As of January 13, 2021, the House has voted to impeach President Trump for a second time due to the comments which are said to have incited the violent protests and breaching of the Capitol on January 6. This decision has made him the first president in U.S. history to be impeached twice.

After the break-in that took place at the Capitol, lawmakers (including ten members of the Republican party) voted to approve the impeachment article, 232 to 197. The article accused the president of “inciting violence against the government of the United States,” in that he encouraged his followers to overturn the election. President Trump’s remark telling the Proud Boys to “stand back and stand by,” as well as his accusations of voter-fraud, have led many to believe that he was actively encouraging his supporters to confront Congress. The House’s case for impeachment also included Trump persuading Georgia’s election officials to “find” him more votes, and called back to the 14th Amendment, which states that no one involved in “insurrection or rebellion” shall be able to hold office.

“It’s an unprecedented event, but I think it’s good for our country,” sophomore Eden McRory said. “We can’t have a leader that incites violence and disregards our constitution.”

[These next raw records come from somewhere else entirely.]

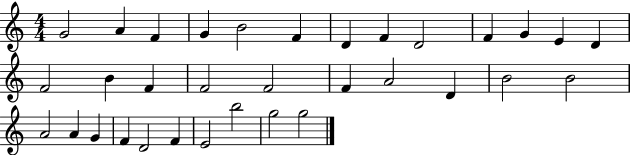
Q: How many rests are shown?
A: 0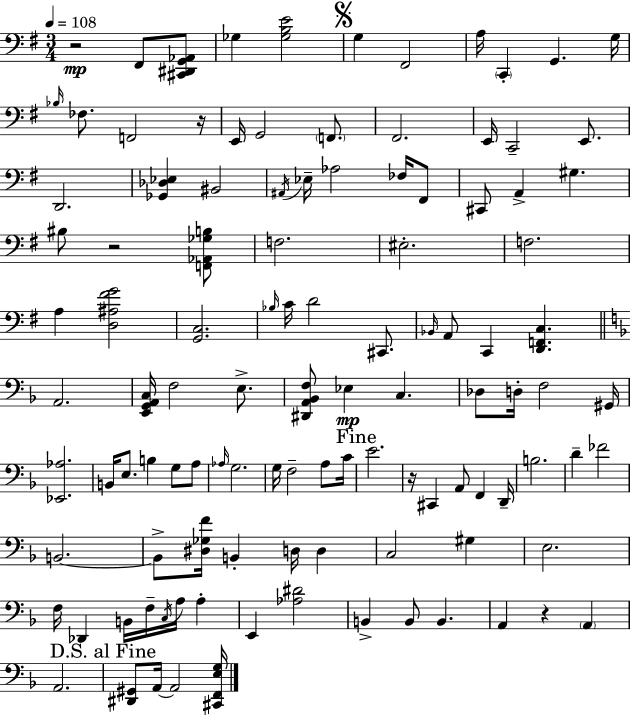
R/h F#2/e [C#2,D#2,G2,Ab2]/e Gb3/q [Gb3,B3,E4]/h G3/q F#2/h A3/s C2/q G2/q. G3/s Bb3/s FES3/e. F2/h R/s E2/s G2/h F2/e. F#2/h. E2/s C2/h E2/e. D2/h. [Gb2,Db3,Eb3]/q BIS2/h A#2/s Eb3/s Ab3/h FES3/s F#2/e C#2/e A2/q G#3/q. BIS3/e R/h [F2,Ab2,Gb3,B3]/e F3/h. EIS3/h. F3/h. A3/q [D3,A#3,F#4,G4]/h [G2,C3]/h. Bb3/s C4/s D4/h C#2/e. Bb2/s A2/e C2/q [D2,F2,C3]/q. A2/h. [E2,G2,A2,C3]/s F3/h E3/e. [D#2,A2,Bb2,F3]/e Eb3/q C3/q. Db3/e D3/s F3/h G#2/s [Eb2,Ab3]/h. B2/s E3/e. B3/q G3/e A3/e Ab3/s G3/h. G3/s F3/h A3/e C4/s E4/h. R/s C#2/q A2/e F2/q D2/s B3/h. D4/q FES4/h B2/h. B2/e [D#3,Gb3,F4]/s B2/q D3/s D3/q C3/h G#3/q E3/h. F3/s Db2/q B2/s F3/s C3/s A3/s A3/q E2/q [Ab3,D#4]/h B2/q B2/e B2/q. A2/q R/q A2/q A2/h. [D#2,G#2]/e A2/s A2/h [C#2,F2,E3,G3]/s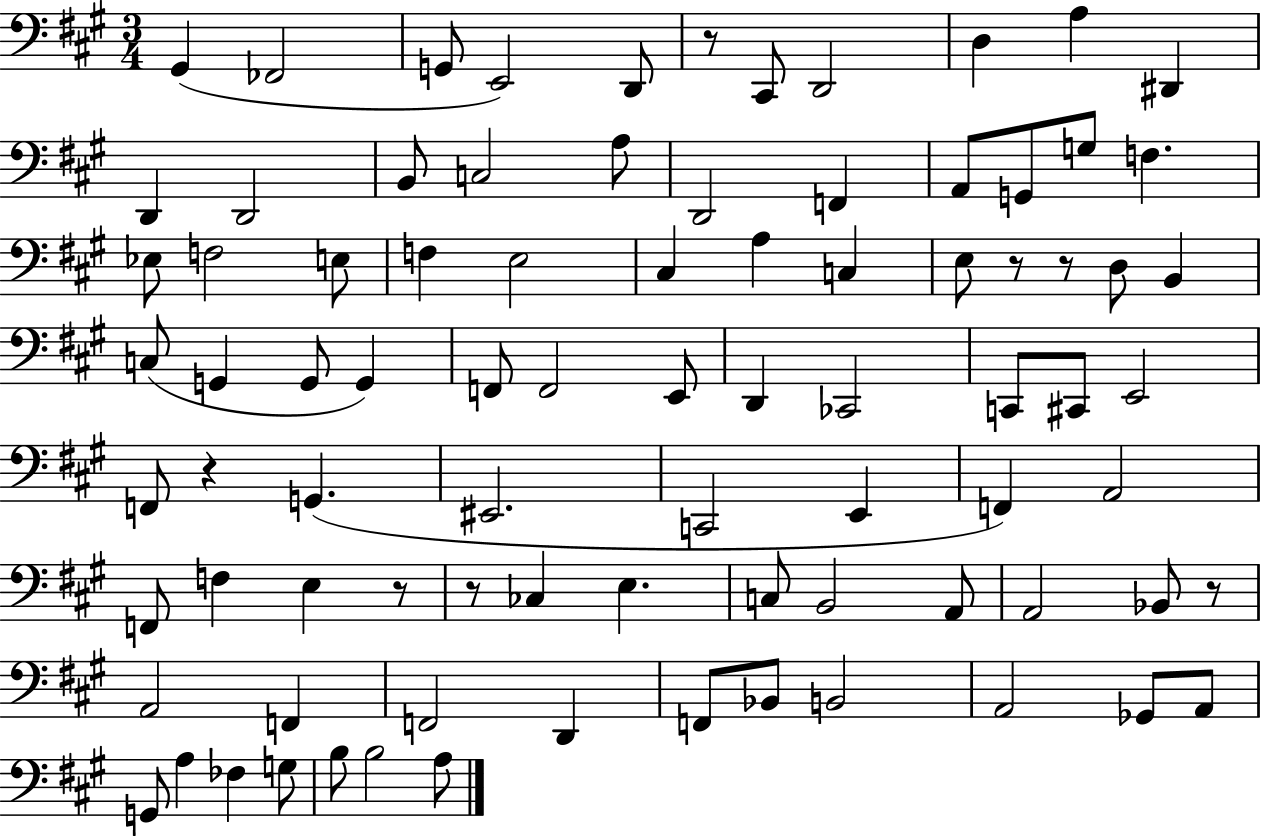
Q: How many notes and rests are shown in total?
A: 85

PRESIDENT TRUMP held a “Save America March” before the storming of the Capitol, where he encouraged his supporters to take back the election. Pete Marovich / The New York Times

Now that the House has introduced and passed the impeachment article, President Trump must be tried by the Senate. However, Mitch McConnell has stated that the Senate will not be able to finish the trial until after President-elect Joe Biden takes office, begging the question of why the Senate would bother following through with the impeachment process of an ex-president. If the Senate votes to impeach Trump, he would be unable to serve in any federal office in the future, as well as lose his lifetime pension, annual travel budget, and funding for an office and staff. Impeaching him this far into his term would also set a precedent for future presidents, warning them of this kind of behavior.

However, many still find the impeachment unnecessary.

“I just find it funny how they would impeach him literally a week before he has to leave office,” senior Maya Basilio said. I see the punishment in it, but honestly it seems like a waste of time and money.”

It is hard to say just when we will know whether President Trump gets officially removed from office or not; however, with Biden’s upcoming inauguration, the general public may not hear the Senate’s consensus for a while.